広い中国には、日本同様、さまざまな方言があります。ただし、その方言は、日本の方言とは異なり、まったく別の言語といっていいほど、大きな差がある場合がほとんどです。今回は中国の方言の種類と特徴についてご紹介します。
中国の七大方言
中国の方言は「七大方言」という種類分けをされることが一般的です。七大方言とは、北方、呉、越、閩、湘、客家、贛の7種類の方言です。その他にもさまざまな分け方があるようですが、今回はこの七大方言を基本として、各地の方言を見ていきましょう。下記にそれぞれの特徴をまとめました。
北方(北京語など)
中国の北方エリアを中心に話されている方言で、母語話者数はなんと世界一! この方言をベースに作られているのが、現在の中国の標準語(普通話)です。
呉(上海語)
中国・上海市およびその近郊で話されている方言です。6種類の声調があり、音の雰囲気は時折、日本語を聞いているような気分になります。独自の文字はないため、標準語の漢字(簡体字)を用いて表現することもあります。
越(広東語)
中国南部、広東エリアで使われている言葉で、古代中国語の片りんを残しています。9種類の声調があります。
閩(台湾語、閩南語、福建語など)
台湾や福建省、アモイ周辺で使われている言葉を総称して、閩と呼ばれています。広東語に負けず劣らず、8種類もの声調を使い分ける方言もあるんだとか。
湘(湘南語)
中国の内陸部・湖南省で使われている方言です。毛沢東は湖南省出身なので、彼の話している中国標準語は、湖南訛りだなんていわれることもありました。
客家
福建省の内陸部に暮らす客家の間で使われている言葉で、その後海外に移住した多くの客家の影響で華僑の間でも使用されています。
贛(江西語)
江西省で使用されている方言で、客家語との共通点が見られます。
私たちが普段いう「中国語」というのは、このうちの北方方言をベースにして作られた「普通話」という言葉です。
現在は一部の高齢者や少数民族を除いて、学校教育をうけたほとんどの人が普通話を使うことができるので、日常生活ではこの普通話をマスターしておけばOKです。
その他の方言
中国には七大方言以外にも、さまざまな方言があります。
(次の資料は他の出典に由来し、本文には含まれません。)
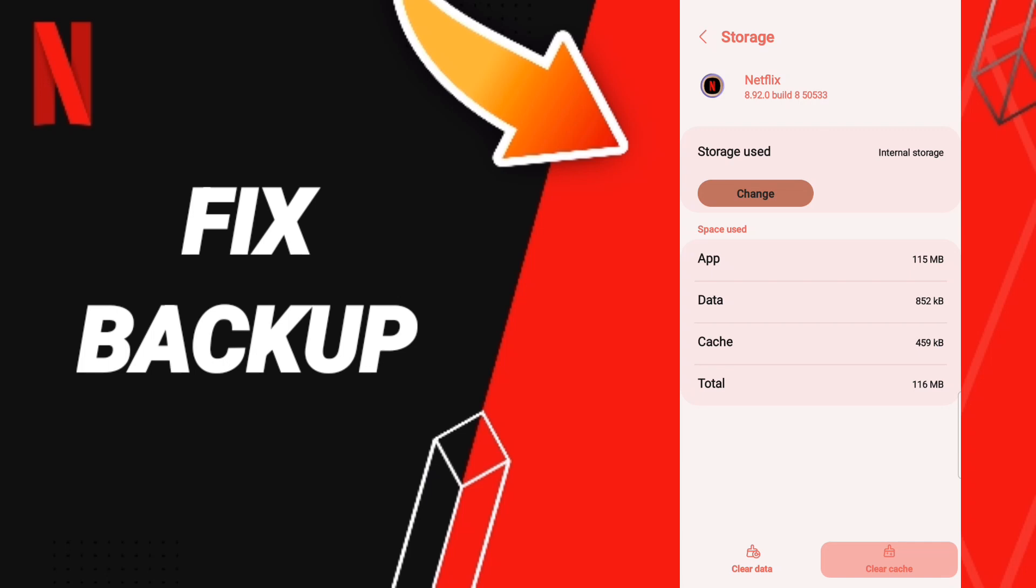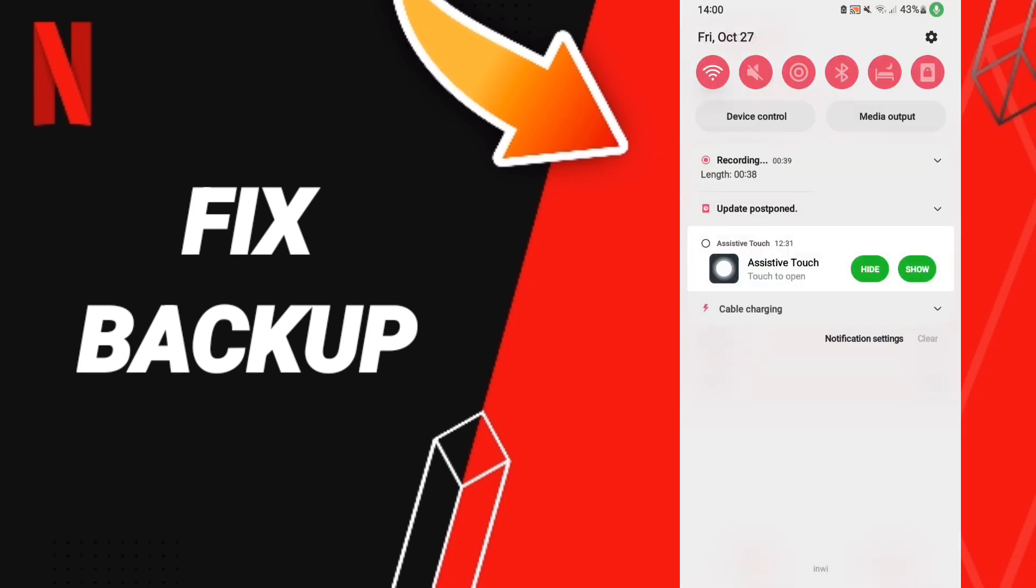After that, click Clear Cache. Don't click Clear Data because that can cause errors on your app.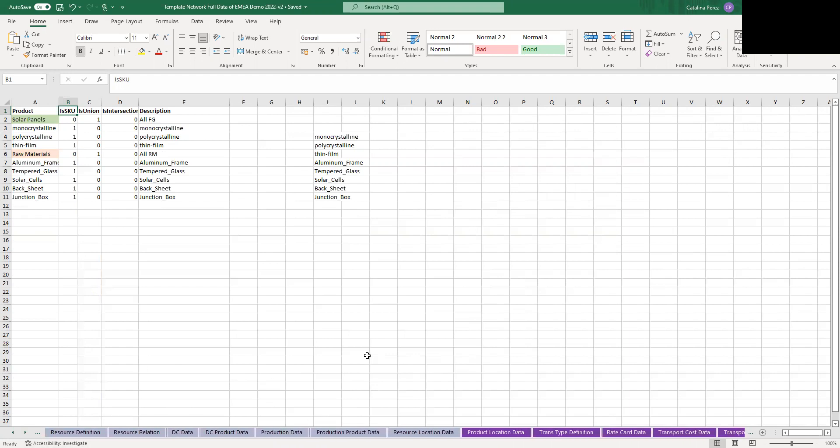Then we move on to the gray sheets, which are all related to your resources. That means your distribution centers or warehouses and your production facilities. And here you're going to be able to input all the information regarding capacities, costs, different custom objectives or custom costs that you have added.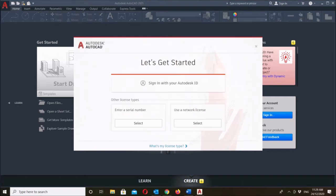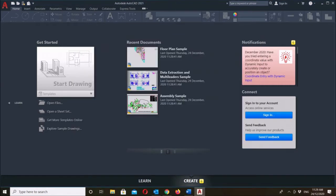Here you can choose whether to activate via Autodesk ID or serial number for a standalone license, and also via a network license. For the purpose of this video, I'm going to show you how you can activate via Autodesk ID.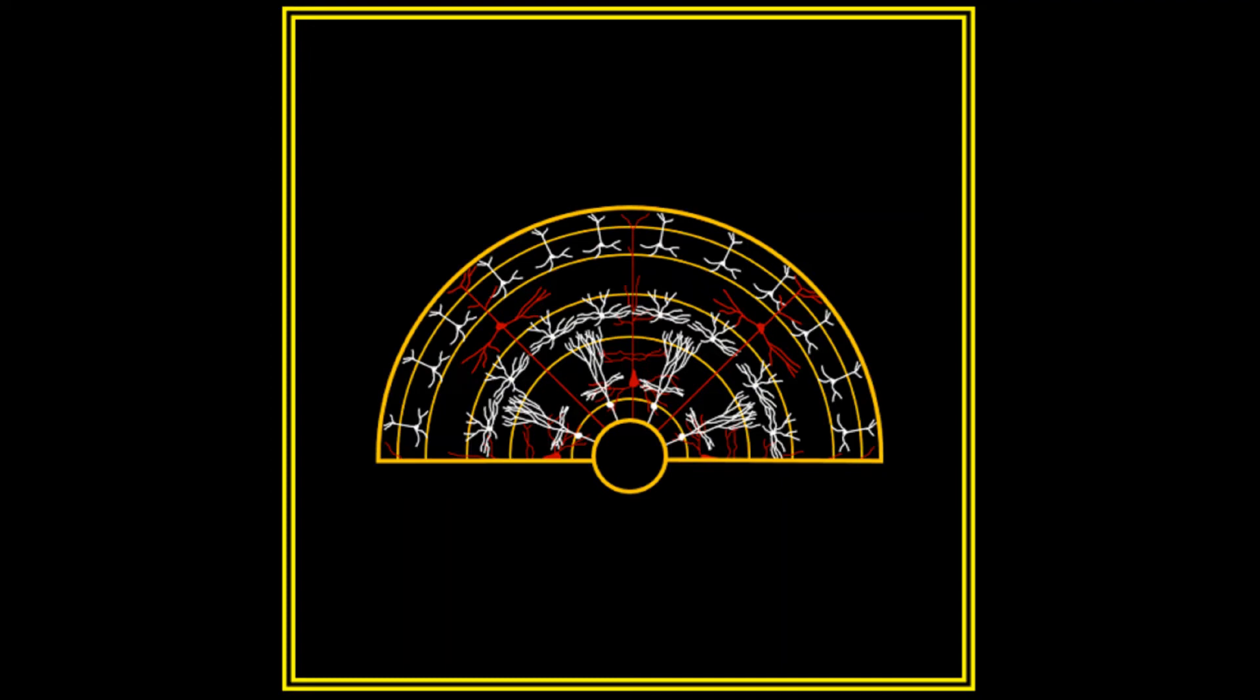This analogy to a mindless and causally determined compass is pretty dismal. It implies both that the will is not controlling the ship, and that even if it were, it would not be free while it was doing so.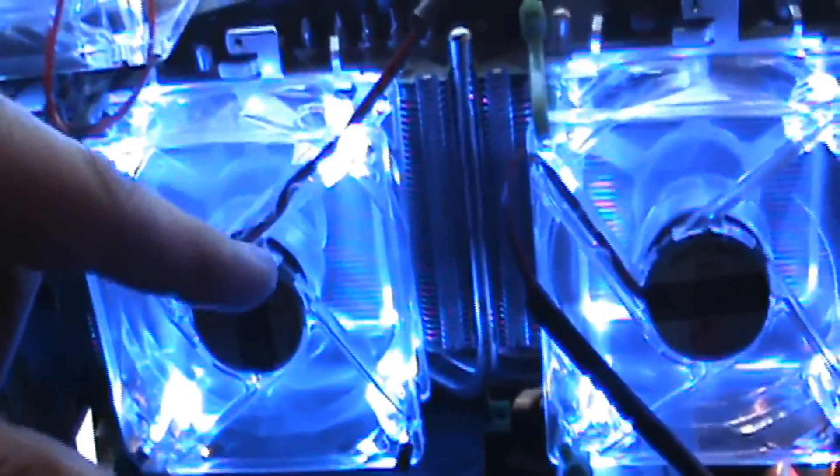These fans you can find on eBay for like 10 bucks for a set of four. I rigged these right on top of the heat sinks because this video card has two heat sinks. I just rigged them right on top using zip ties, as you can tell right here, and I got to tell you it worked like a charm.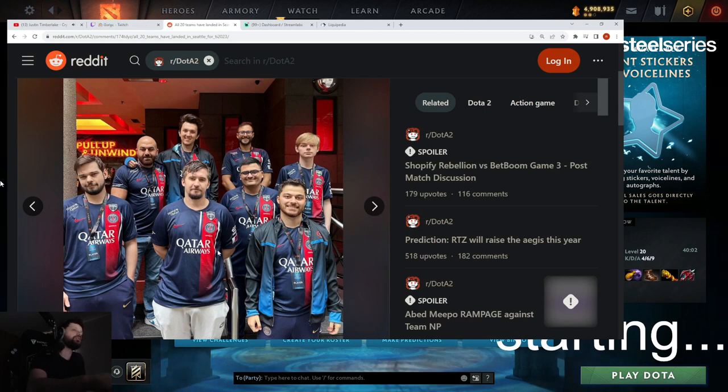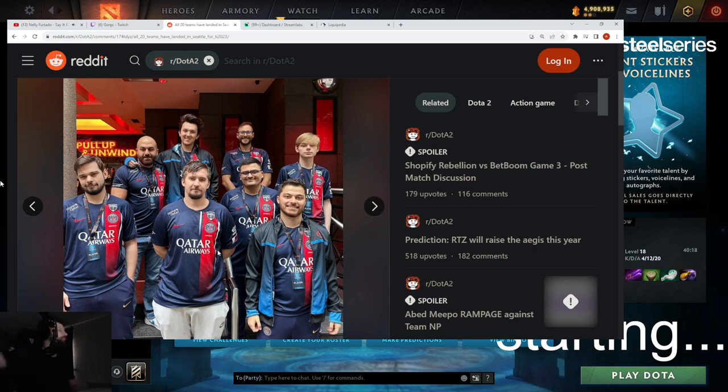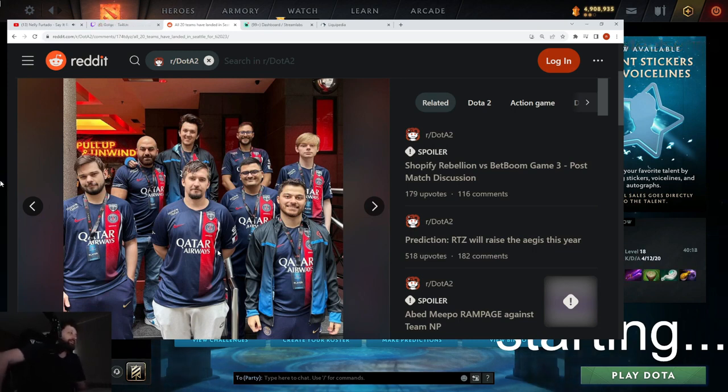Okay, so PSG sponsored Quest? Bro, who managed to pull that scam off? I'll be honest, guys. Quest is not that good. I'm sorry, but they're not that good.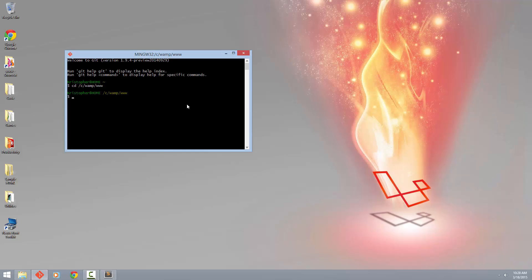So I'm already in my www folder. What I'm going to do is use Composer to create a new Laravel project. Now I've done this before with Laravel 4.2, so I'm going to use this to create a Laravel 5 project.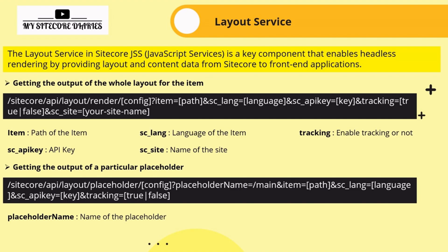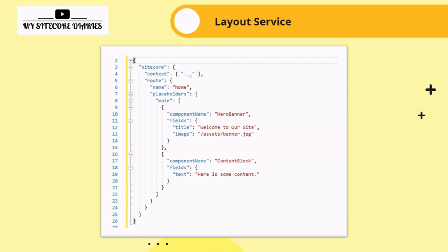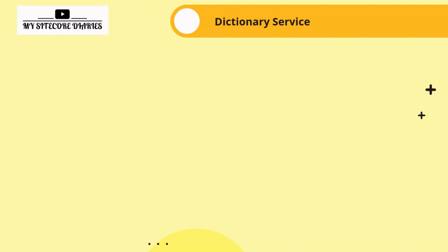Here is an example of the Layout Service output. It has 'sitecore' as the main node, then a 'context' with context details, then a 'route' with the item name (e.g., 'home'). Inside route you have 'placeholders'; inside the main placeholder you have components like 'hero-banner' with its fields, and similarly a 'content-block'. We will go into detail during the demo; for now, this is a sample JSON output. This is the quick overview of the Layout Service in Sitecore JSS.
特に55いる少数民族の中には独自の言語体系を持つ言葉を使っている民族もたくさん。
一部の民族は文字を持たないため、方言が消滅していく恐れもあるといわれています。
ちなみに、中国のテレビ番組にはほぼ必ず標準語の字幕がついています。というのも地方のテレビ番組は全部そのエリアの方言で放送されているので、他のエリアに住んでいる人にはまったく聞き取れないから! 映画館でも、標準語の字幕つきがスタンダードなんですよ。
標準語をマスターした後は、方言にチャレンジ!
中国には莫大な数の方言がありますが、その中でも特に話者が多く、現在中国で使われている言葉の基礎になっている7種類が七大方言として種類分けされています。標準語をマスターした後は、方言にチャレンジするのもいいかもしれませんね。